● **Task prompt**
The required output is the lines from the one with "Used 2020 Volkswagen" through the end of the data, repeated verbatim, with no pictures included.

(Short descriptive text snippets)
__________

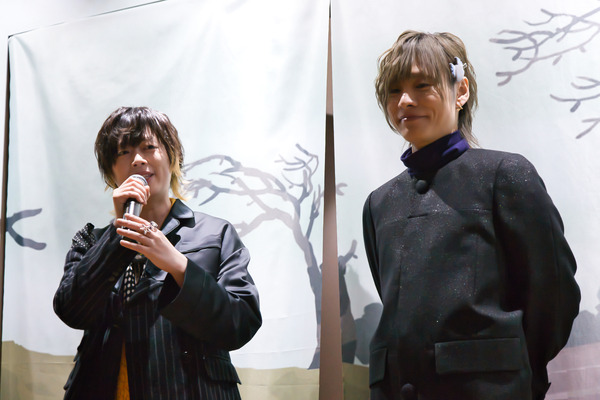 市川蒼、岡本信彦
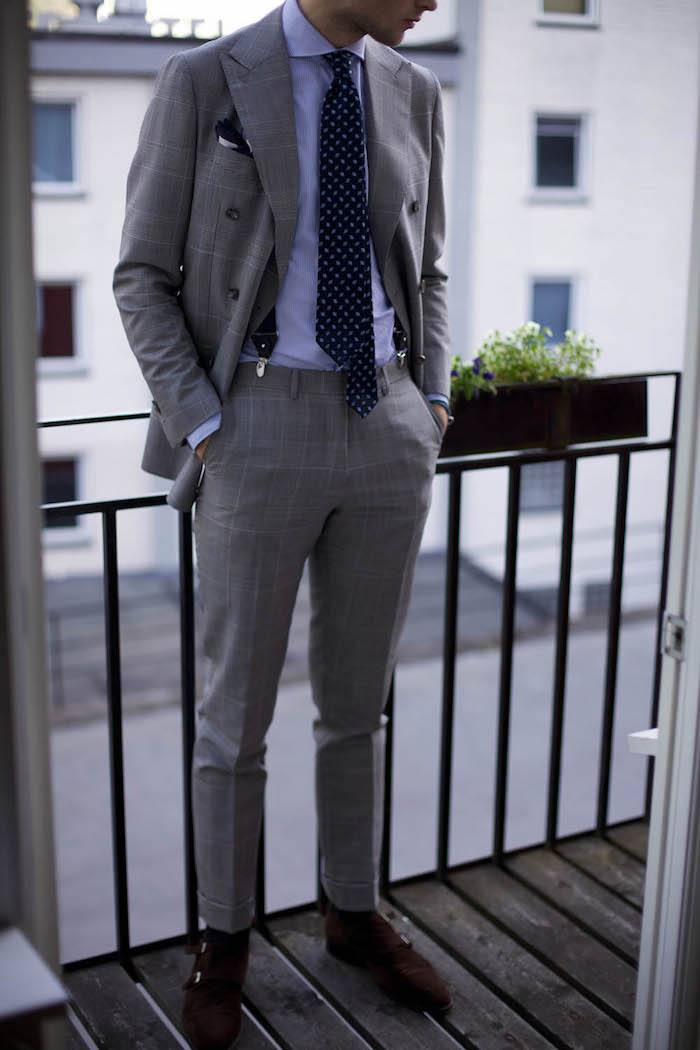 look homme, chemise en bleu claire avec pantalon et blazer gris, tenue homme d'affaires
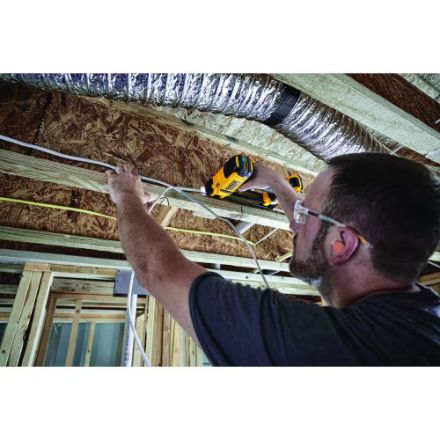 DCN701D1 Dewalt 20V Cordless Cable Stapler Kit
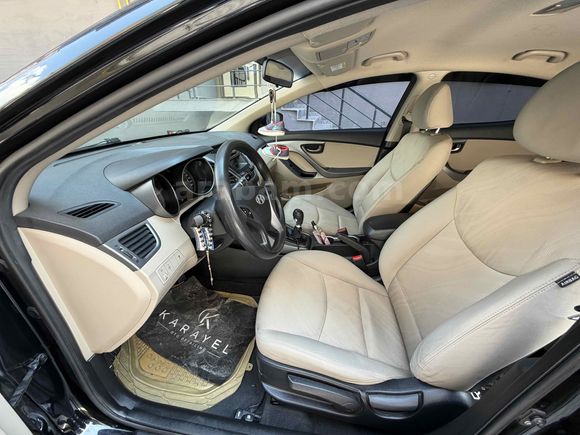 Sahibinden Hyundai Elantra 1.6 CRDi Style 2014 Model 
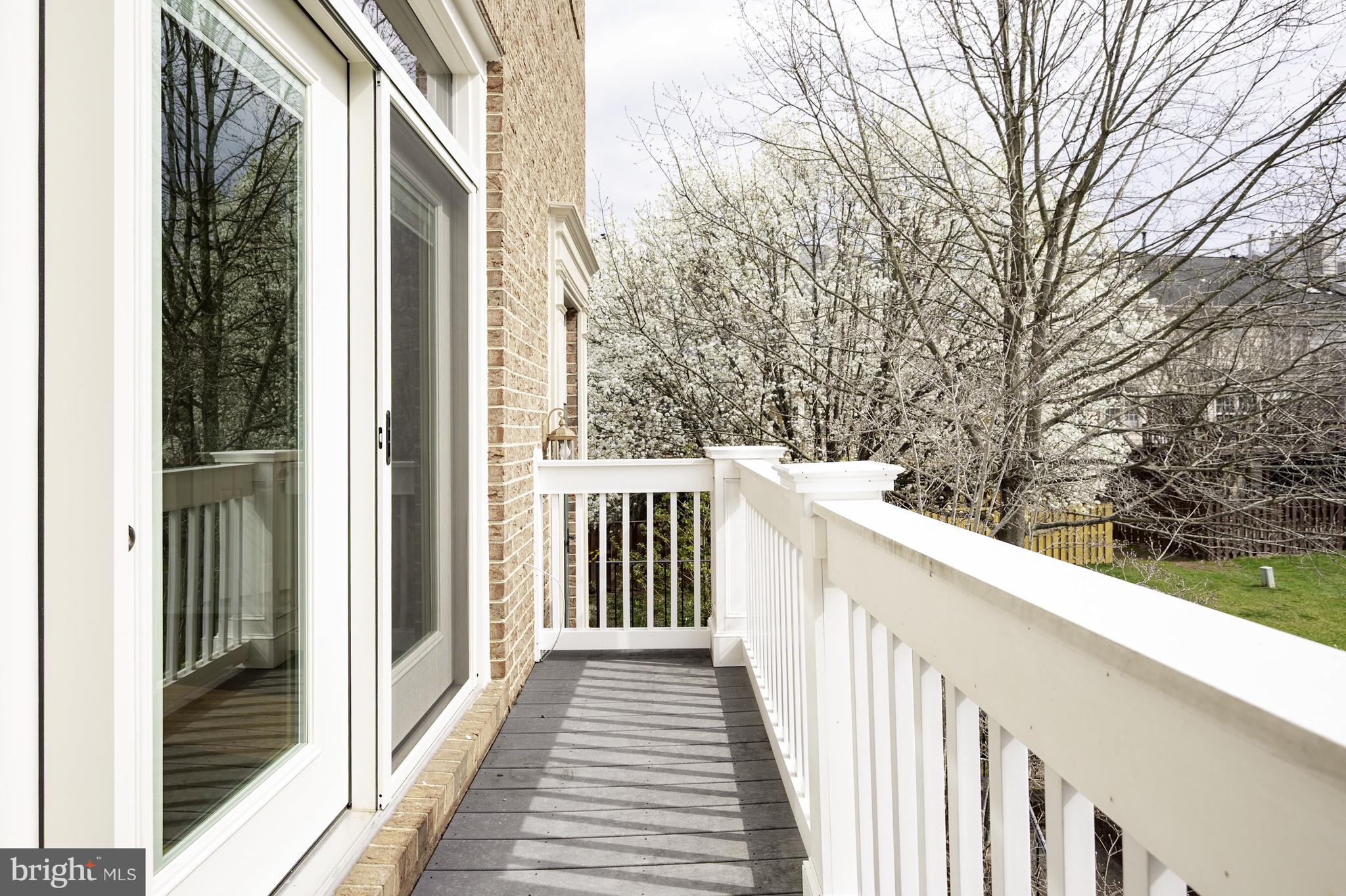 POTOMAC LAKES - Residential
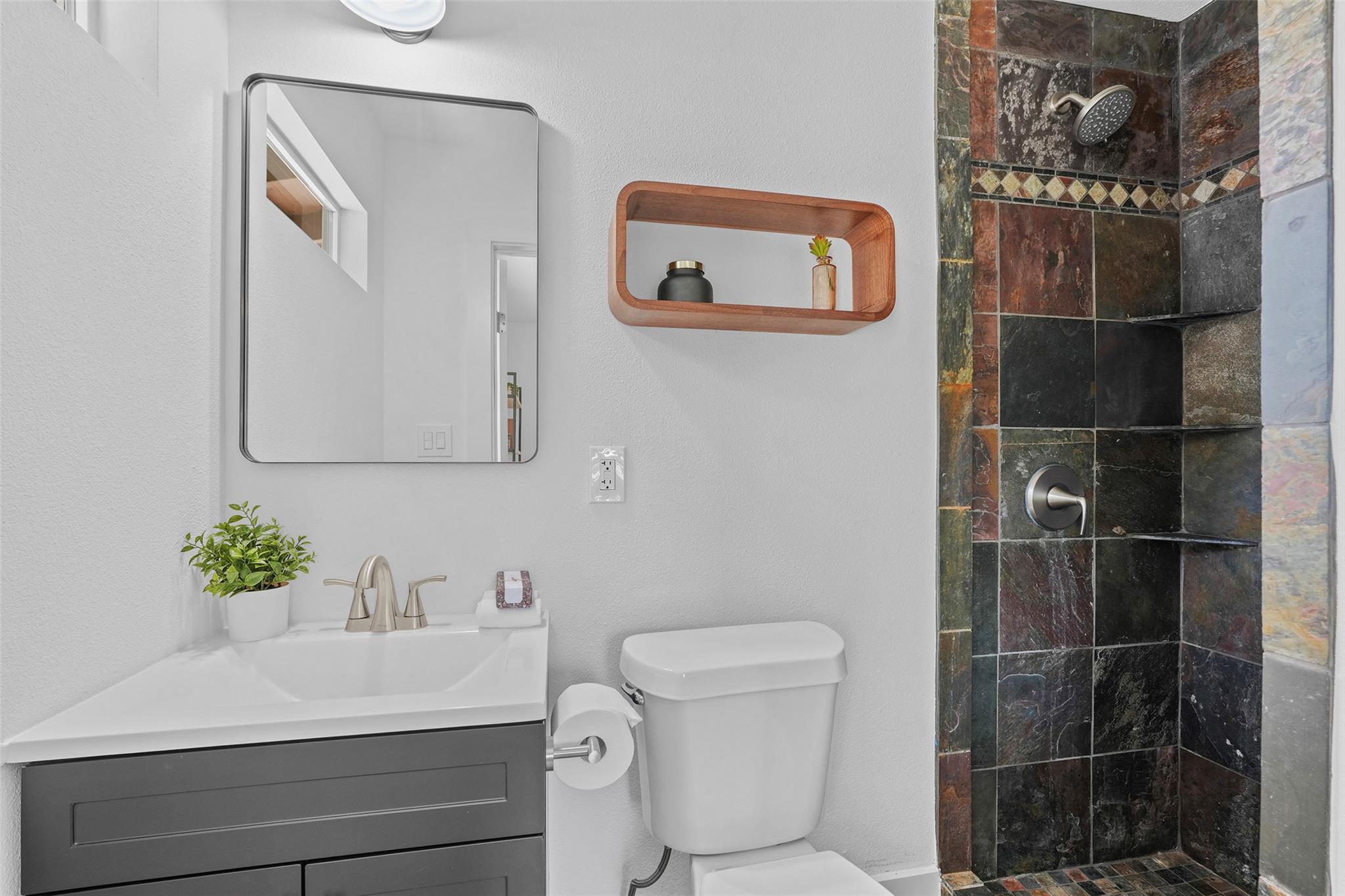 126 Frederick St, Austin, TX 78704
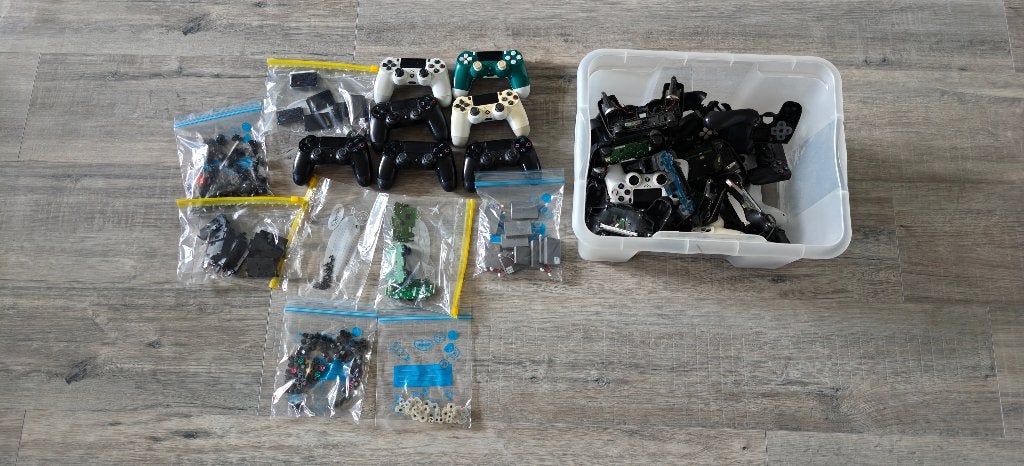 22 Controllers – Onderdelenpartij voor reparatie of hobby, Ophalen of Verzenden, Niet werkend, Controller, PlayStation 4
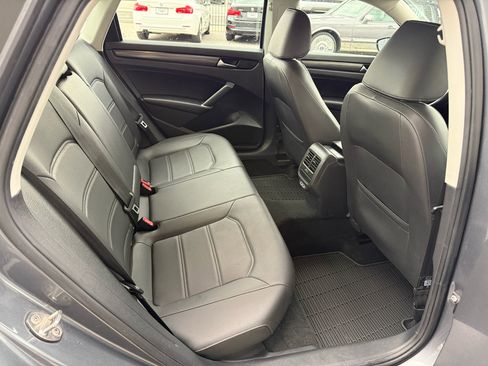 Used 2020 Volkswagen Passat 2.0T R-Line image 17
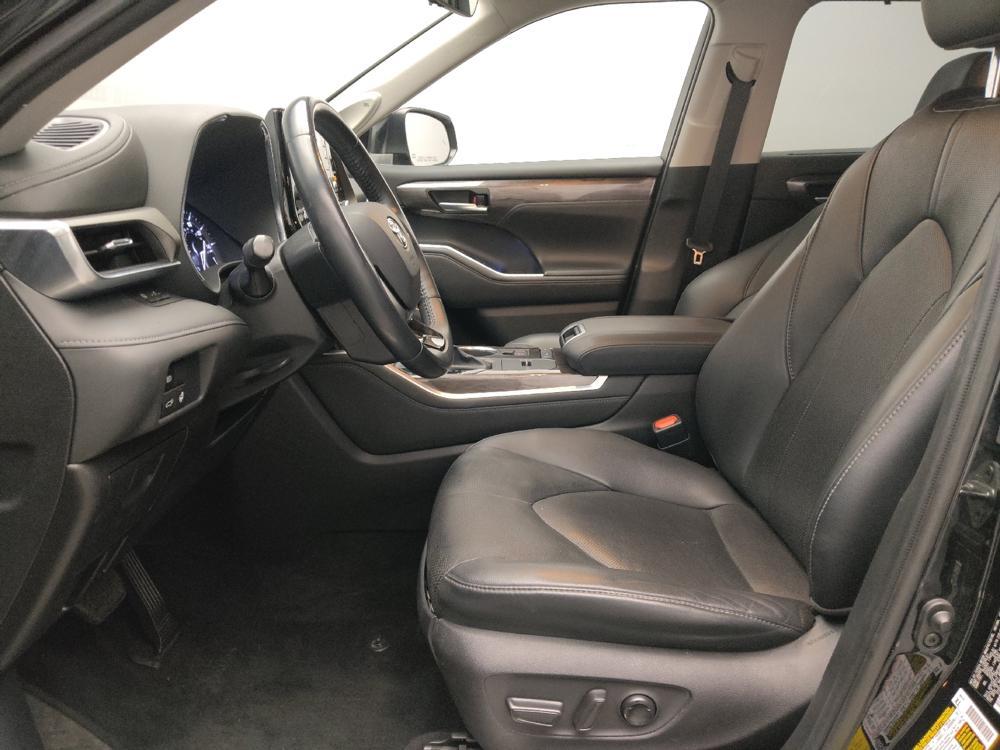 used 2020 Toyota Highlander car, priced at $27,895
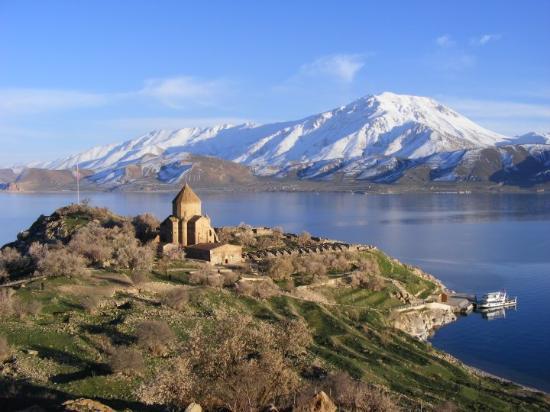 <p><b>VAN</b></p>  Genel sralamada: 42  <p>Ekonomi: 27</p>  Eitim: 23  <p>Salk: 60</p>  Gvenlik: 60  <p>Kent hayat: 6</p>  Kltr sanat: 29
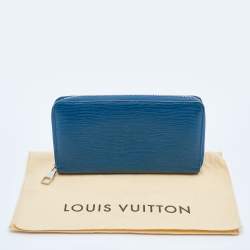 Louis Vuitton Cyan Epi Leather Zippy Wallet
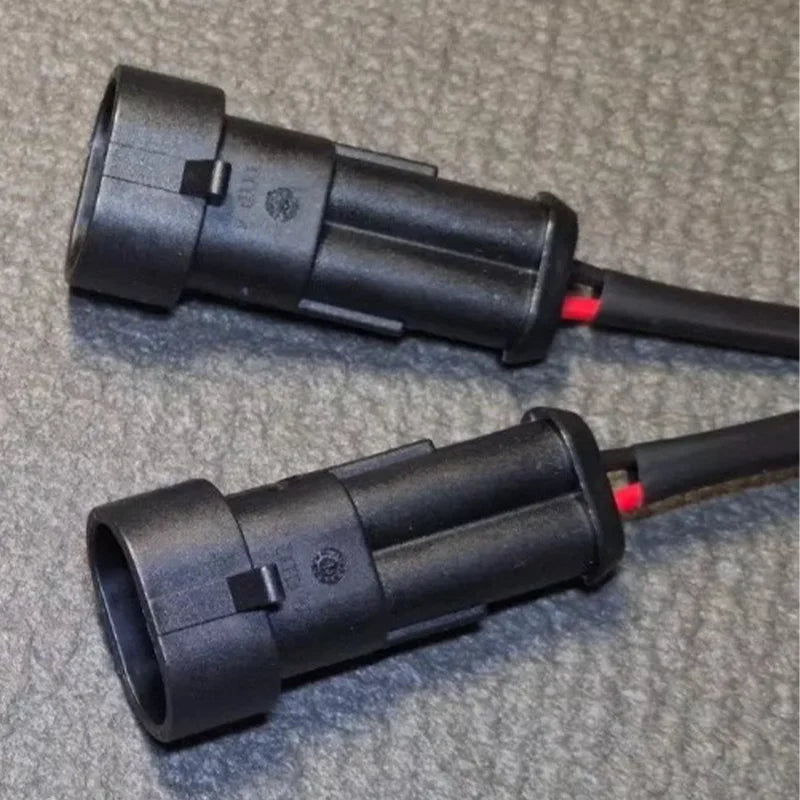 Y Splitter Cable Power Outlet Connector Plug 12V For Honda CRF250L CRF300L XL750 Transalp 2023-up CRF1000L CRF1100L Africa Twin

__________

● **Completed task**
 Used 2020 Volkswagen Passat 2.0T R-Line image 17
 used 2020 Toyota Highlander car, priced at $27,895
 <p><b>VAN</b></p>  Genel sralamada: 42  <p>Ekonomi: 27</p>  Eitim: 23  <p>Salk: 60</p>  Gvenlik: 60  <p>Kent hayat: 6</p>  Kltr sanat: 29
 Louis Vuitton Cyan Epi Leather Zippy Wallet
 Y Splitter Cable Power Outlet Connector Plug 12V For Honda CRF250L CRF300L XL750 Transalp 2023-up CRF1000L CRF1100L Africa Twin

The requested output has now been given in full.